The average sales price in January was $1,277,568, an increase over the year-end 2005 price of about $1.1 million — and the highest price since June, Halstead reported, when it was more than $1.3 million. The median sales price for a Manhattan apartment in January was $750,000, up from $699,000 at the end of 2005.

Although handicapping the market month-to-month can be difficult, the Halstead numbers jibe with the trend in rising Manhattan sales prices borne out by year-end reports that showed an uptick in average prices from the third to the fourth quarter of 2005, after sizable declines the quarter before.

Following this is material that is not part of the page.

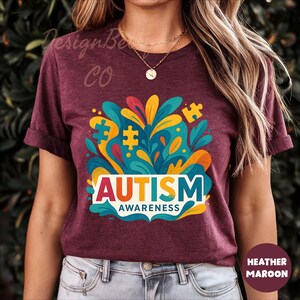 Autism Awareness Shirt, Colorful Autism Puzzle Piece Tee, Kindness Autism Acceptance Gift, Autism Support Shirt, Neurodiversity Pride Tee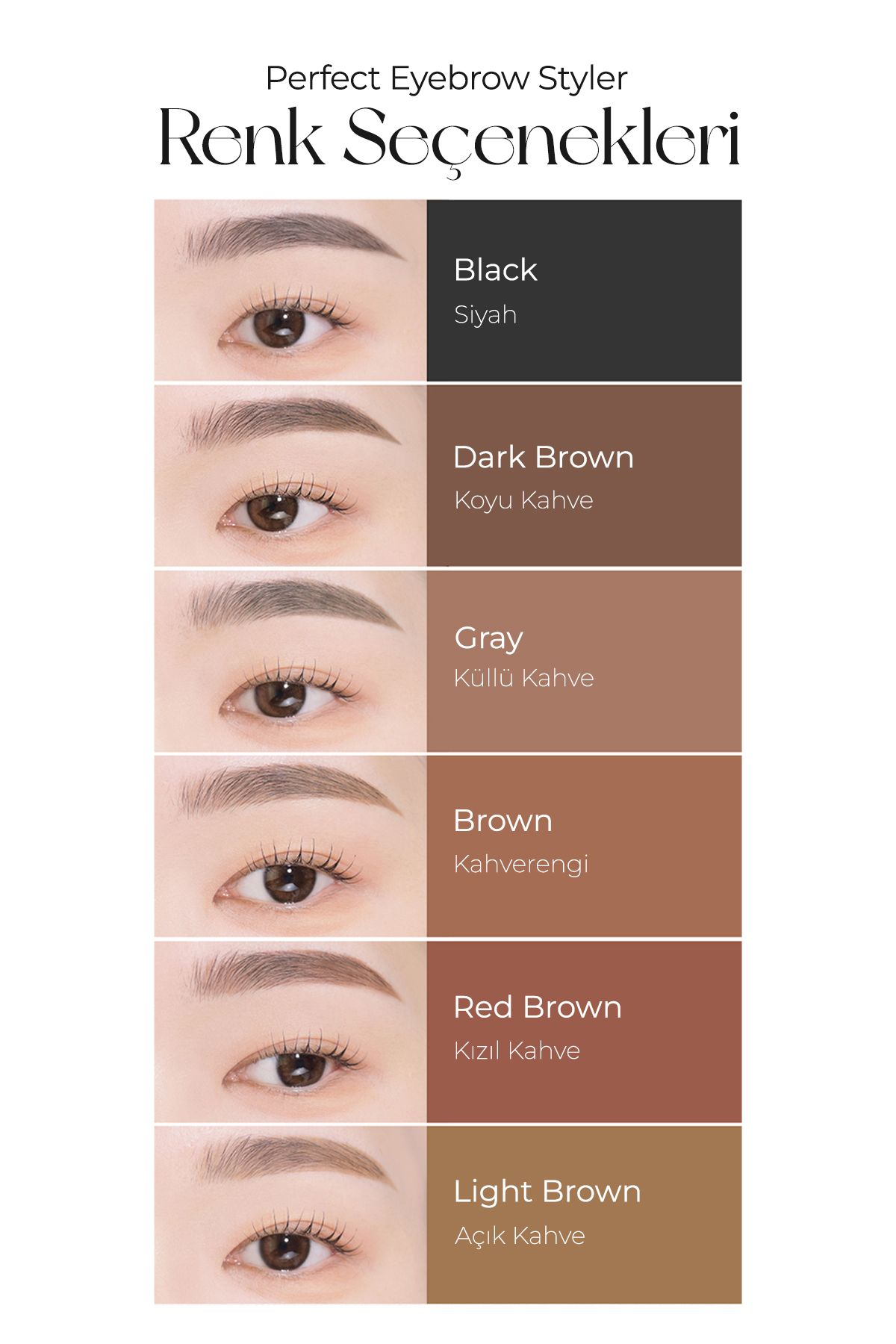 Missha-Long Lasting, Lifted Eyebrow Pencil Perfect Eyebrow Styler (Light Brown) 2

Generally, all sizes of apartments in locations throughout Manhattan experienced year-over-year price increases in January, according to Halstead. Two-bedrooms on the East Side, for one, ended January with a median sales price of $1.5 million, 30 percent higher than the median in January 2005. Studios and one-bedrooms on the West Side each ended January with median sales prices 29 percent higher than January 2005, and Downtown studios had a median price of $410,750, Halstead reported, a 31 percent increase over last January.

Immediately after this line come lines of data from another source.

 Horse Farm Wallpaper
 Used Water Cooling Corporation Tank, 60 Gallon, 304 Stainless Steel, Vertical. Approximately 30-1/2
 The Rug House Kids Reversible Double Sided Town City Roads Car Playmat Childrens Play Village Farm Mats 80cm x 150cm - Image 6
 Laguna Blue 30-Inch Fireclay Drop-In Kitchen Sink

The number of new listings throughout Manhattan was also up in January, according to Halstead, except for apartments with four bedrooms or more on the West Side and Downtown. Fresh listings for studios, one-, two-, and three-bedrooms increased in January over December.

Based on the winter activity so far and the precedent that sales usually pick up in Manhattan in the spring, should brokers be bracing for a flurry of deals in April, May, and June? Probably, market observers say — but not on the scale of the most recent springs.

“You never thought the spring of ’04 could top the spring of ’03, and then it did,” Wolk of Fenwick Keats said. “And you never thought ’05 could top ’04, and then it did. I think now, for the first time in two or three years, we won’t be outdoing ourselves.”